If you are too sensitive/emotional at the moment to discuss this in an analytical manner, maybe best to respond in a few days/week. If you will, respond to the content, not the poster

The IndyCar footage, graphic for some:
Watching this footage you see a few cars flying at high speeds, while others 'just' crash into each other and slow down massively.
What do those cars flying through the air at high speeds have in common? None of them braked heavily, locking brakes, to slow themselves down. They all went much faster than the others around them.
We can 'forgive' the one at 00:42 because he had no time to brake. But the one at 00:44 had enough time to brake (at 00:42 he sees the cars in front of him crashing, he did not brake for 2 seconds before he flew). 2 seconds of braking on these cars is a massive decrease in speed.

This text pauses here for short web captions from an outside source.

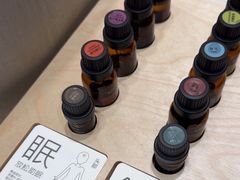 -泰合玺·精油疗愈 SPA(南京河西万达店)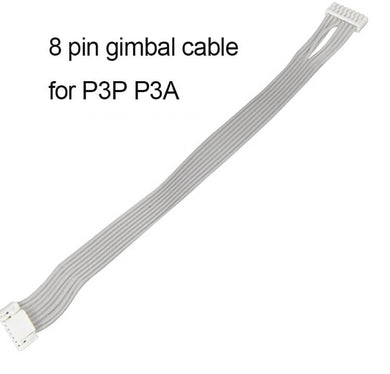 Gimbal Connect Cables for Phantom 3 Pro/Adv/Sta/SE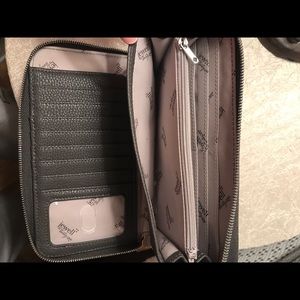Thirty-one Jewel wallet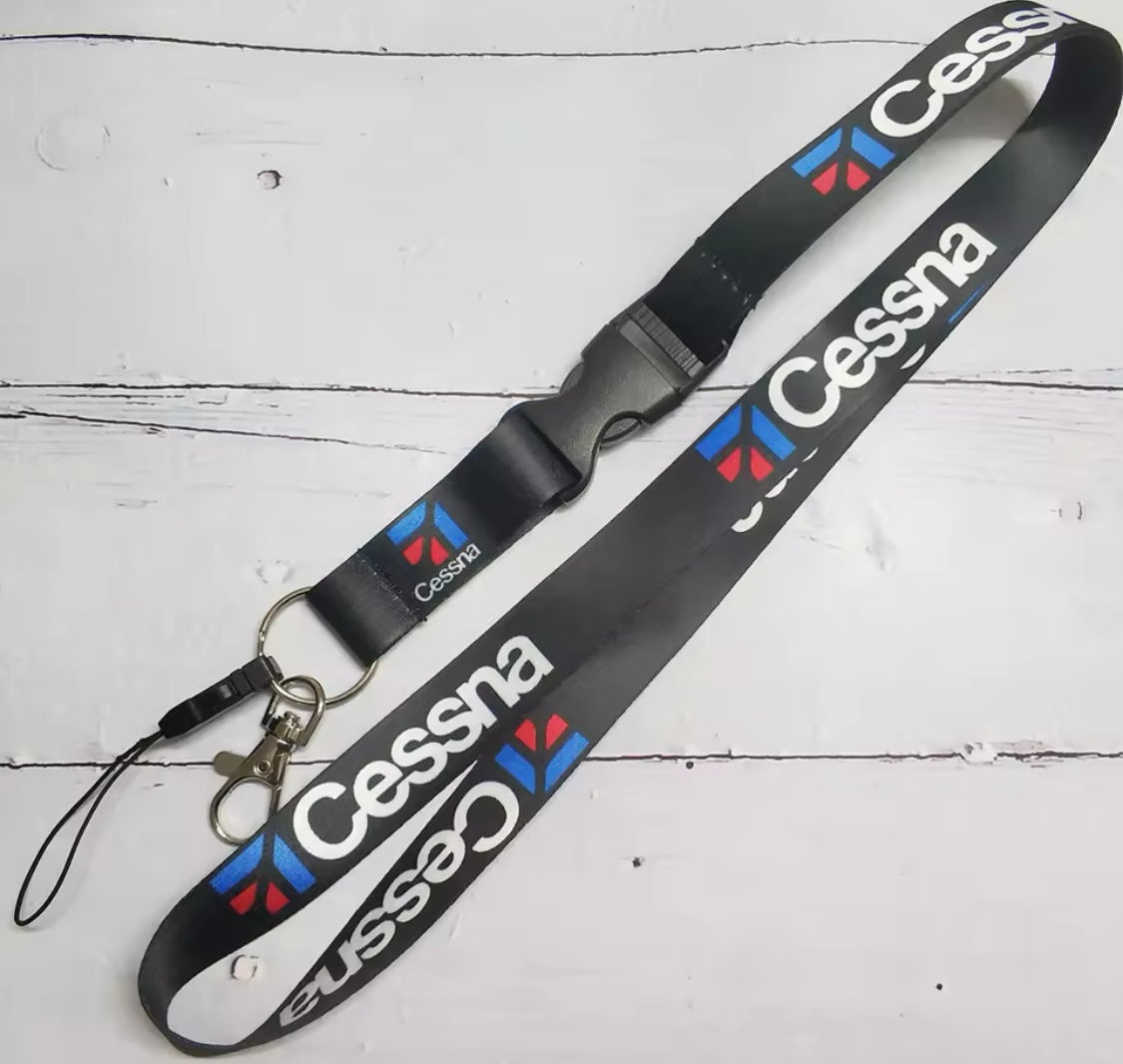 Lanyard Cessna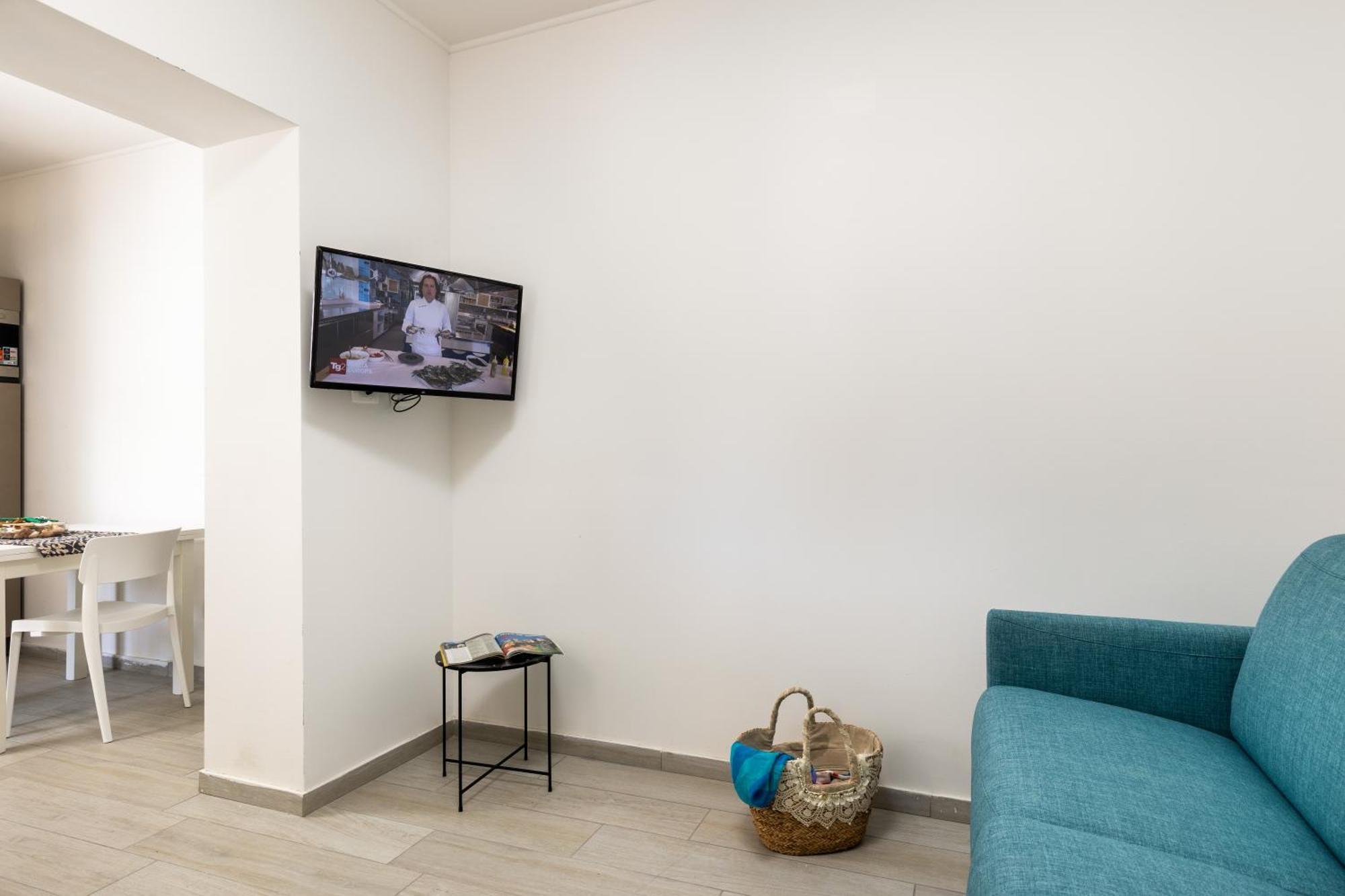 Residence Cervia Luaran gambar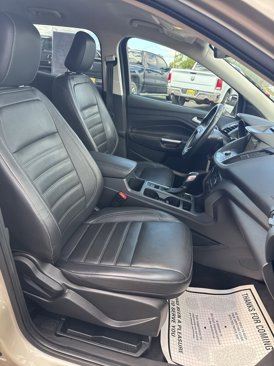 Used 2018 Ford Escape SEL image 32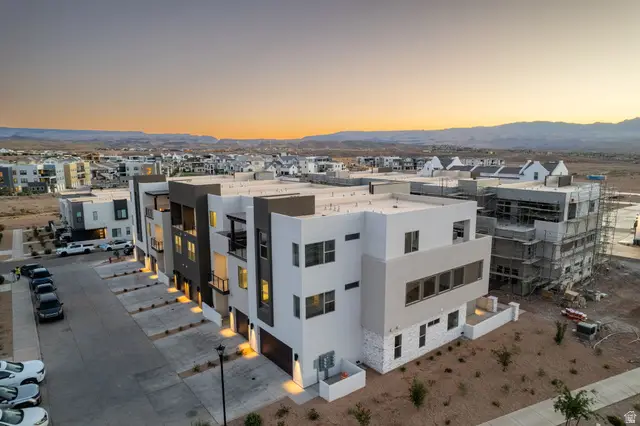 692 W High Tide Pl #133, Saint George, UT 84790 - #1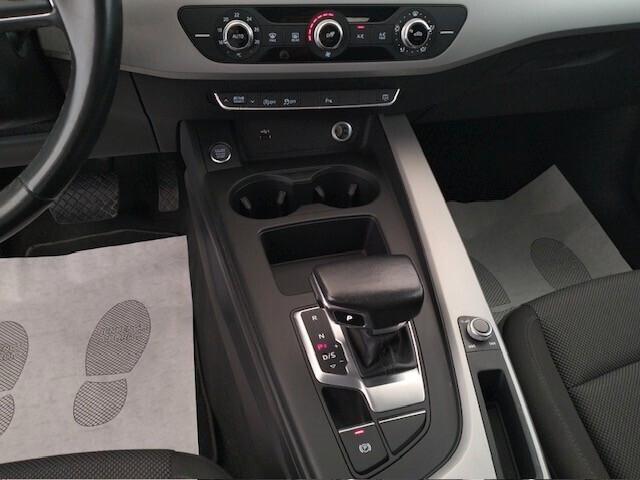 Audi A4 Avant 35 2.0 tdi mhev 163cv s-tronic *IVA ESPOSTA*
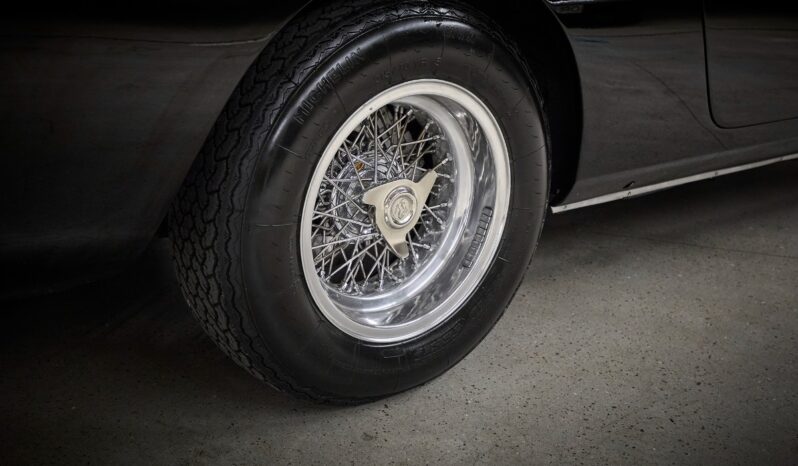 Ferrari 250 Gte full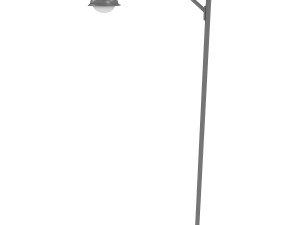 streetlight Modello 3D
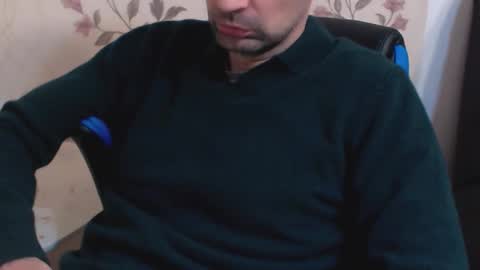 Gianni online show from February 20, 4:31 pm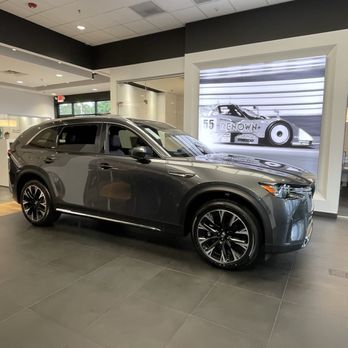 Sport Mazda North - Car Dealers Near Me - Longwood, Florida Sport Mazda North - Car Dealers Near Me - Longwood, Florida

Wheldon can see the cars crashing at 00:42 and sees the car in front of him slowing down too yet refuses to brake and crashes at faster speed than anyone around him into him at 00:45 which catapults him. He had 3 seconds to brake and judge it...which is a huge decrease in speed with those cars.
Some people said that the best thing was to just go off the throttle and let the car slow down and wait for the crash....obviously it was not, the 3 cars flying did exactly that before the crash and one of them died.
When there is a massive crash like that in front of you and you have a couple of second before impact, the best you can do is push the brake pedal in with all you got. At those speeds and such short notice, you are not going to avoid them by turning the wheel. It makes no sense driving into cars which are already crashing or heavily slowing down with just throttle pedal released, especially if you are going faster than the car in front of you like Wheldon was.
Maybe the release throttle way works if you are the first in line (like you can actually see with a few drivers, although they still crash heavily), but the ones behind you definitely have to brake to avoid you. Wheldon was not first in line. He misjudged it, it was a mistake. Just like the second driver flying.
I know some will take offense at this, but I will respond in a few days to let people get their arguments in (not personal attacks, thanks).
Edited by Unbiased, 18 October 2011 - 15:09.